Cc: Wesley Eddy <wes@mti-systems.com>, Mirja Kuehlewind <mirja.kuehlewind@ikr.uni-stuttgart.de>, Jim Gettys <jg@freedesktop.org>, "aqm@ietf.org" <aqm@ietf.org>
Subject: Re: [aqm] floating a draft charter
X-BeenThere: aqm@ietf.org
X-Mailman-Version: 2.1.12
Precedence: list
List-Id: "Discussion list for active queue management and flow isolation." <aqm.ietf.org>
List-Unsubscribe: <https://www.ietf.org/mailman/options/aqm>, <mailto:aqm-request@ietf.org?subject=unsubscribe>
List-Archive: <http://www.ietf.org/mail-archive/web/aqm>
List-Post: <mailto:aqm@ietf.org>
List-Help: <mailto:aqm-request@ietf.org?subject=help>
List-Subscribe: <https://www.ietf.org/mailman/listinfo/aqm>, <mailto:aqm-request@ietf.org?subject=subscribe>
X-List-Received-Date: Wed, 05 Jun 2013 07:44:06 -0000

On Wed, Jun 5, 2013 at 12:09 AM, Rong Pan (ropan) <ropan@cisco.com> wrote:

>  I understand packet scheduling is important. However, most network
> devices today treat these two issues separately: classed-based
> scheduling/queueing and drop/mark algorithms. In class-based queueing,
> vendors differ in how many classes that they support: 2, 4 or 8. In
> drop/mark algorithm, vendors tend to implement both tail-drop and WRED.
>

I really have a great deal of trouble extrapolating to "vendors" here. I
suppose you mean "big iron vendors", like Juniper, or Allied Telesis, which
haven't weighed in on this list yet. In the CMTS market there are three
players, and while I know what Arris can do, I would prefer an Arris
representative to say. In terms of chipset makers ethernet support, most
don't don't support anything in hardware, neither do the low end bridge
chips, and thus they rely on software to do either AQM or FQ, in addition
to doing useful things like firewalling or NAT. In servers, home routers,
and handhelds, linux based devices are prevailant and can easily do just
about anything. (I recently had a theorist badger me about doing a particle
model for scheduling packets, because the GPU is effectively free on many
common chipsets. I'm sooo not going there, but he is). Wifi chipsets
generally have no strategy other than 802.11e for managing queues. Most of
the France Telecom's dsl devices run shortest queue first, with longest
queue drop. The list goes on and on...



>  I think we can continue to treat these two issues separately as it has
> been done in practice.
>

 Scheduling and drop algorithms have long been used in combination in
practice. Examples include the venerable wondershaper, and openwrt's QoS
system, which for most of the last 7 years or so was HFSC + SFQ + RED.
Dozens of other examples exist, but not on the gear you are familiar with.

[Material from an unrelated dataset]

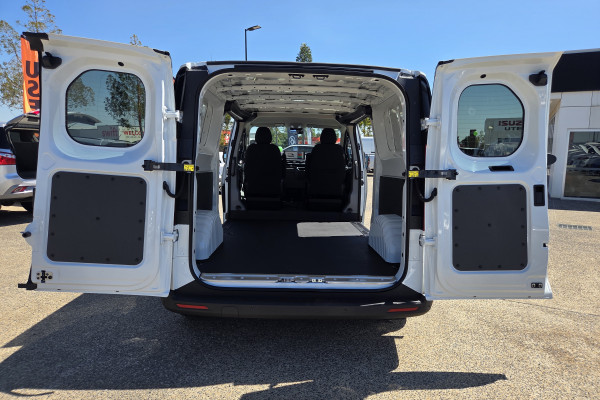 2026 LDV Deliver 7 Van Image 12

> We can prove the values of delay-based AQM and we can also prove the value
> of FQ.
>

Sure. Thing is, we've pretty much proven that the two in combination are
better than either, singly. Do you not agree with that assessment?


> The goal of AQM is to give early congestion notification before the buffer
> becomes full or the delay gets big.
>

If you want to define AQM as Active Queue LENGTH management, then go right
ahead and try. Actually I was thinking hard about expanding the scope of
this proposed working group to be "Smart Queue Management" - which neatly
not only encompasses FQ and queue length management, but also extends out
to nagging problems like sanely rate limiting ipv6 ICMP responses to
someone probing someone's entire /64 address space, and dealing with other
sorts of attack like that, and problems like incast.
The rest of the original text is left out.